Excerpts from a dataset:
=== Begin Enclosure ===
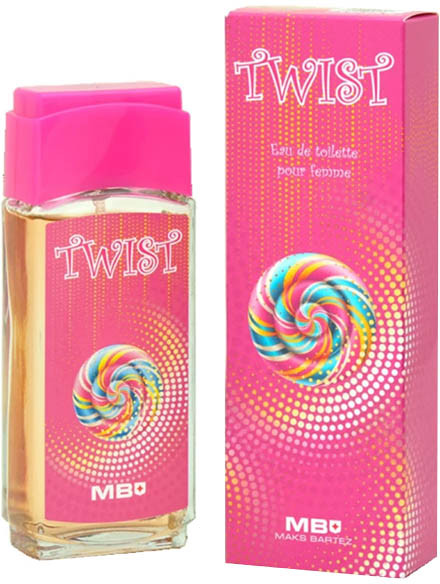 Туалетная вода «Twist» | Positive Parfum
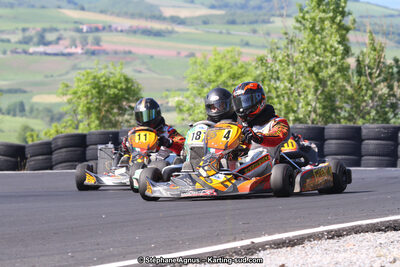 10/05/2015 : 3ème manche du Championnat du Sud à Belmont sur Rance (Photos Stéphane Agnus) 2015 — karting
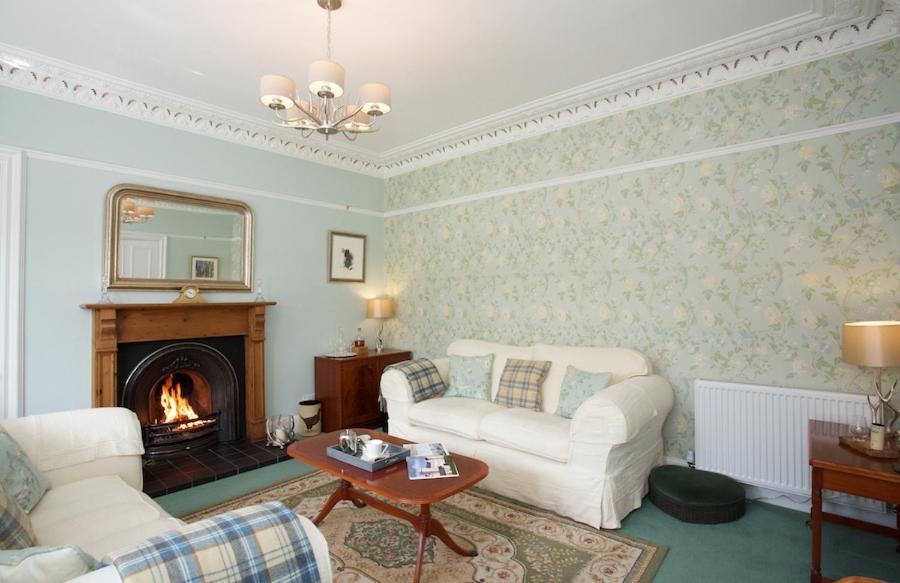 Dunmurray Lodge Guesthouse And Loft Apartment Pitlochry Dış mekan fotoğraf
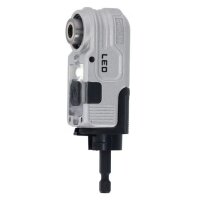DEWALT Winkelvorsatz 1/4Z mit LED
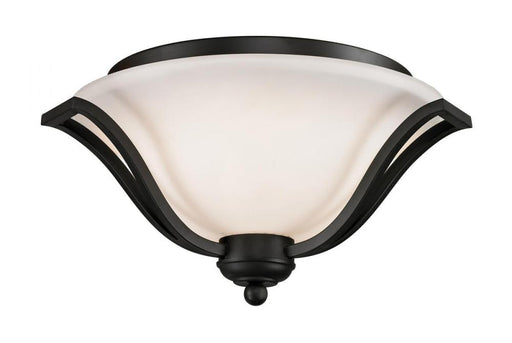 3 Light Flush Mount | 703F3-MB
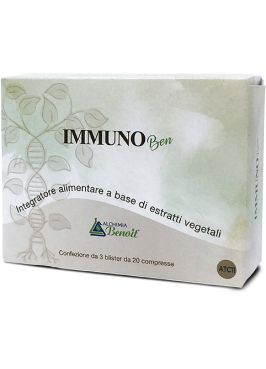 IMMUNO BEN 60CPR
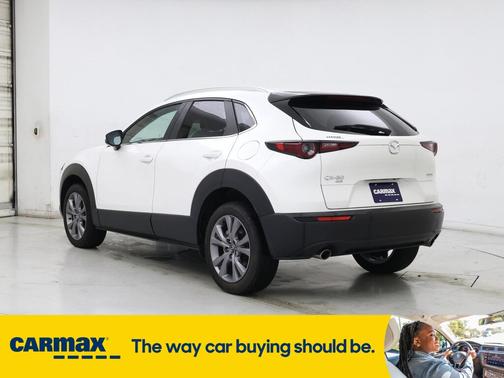 2024 Mazda CX-30 Carbon Edition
=== End Enclosure ===
WORK ORDER:
Excluding the pictures, transcribe each entry above word for word.

ANSWER BELOW:
 Туалетная вода «Twist» | Positive Parfum
 10/05/2015 : 3ème manche du Championnat du Sud à Belmont sur Rance (Photos Stéphane Agnus) 2015 — karting
 Dunmurray Lodge Guesthouse And Loft Apartment Pitlochry Dış mekan fotoğraf
DEWALT Winkelvorsatz 1/4Z mit LED
 3 Light Flush Mount | 703F3-MB
 IMMUNO BEN 60CPR
 2024 Mazda CX-30 Carbon Edition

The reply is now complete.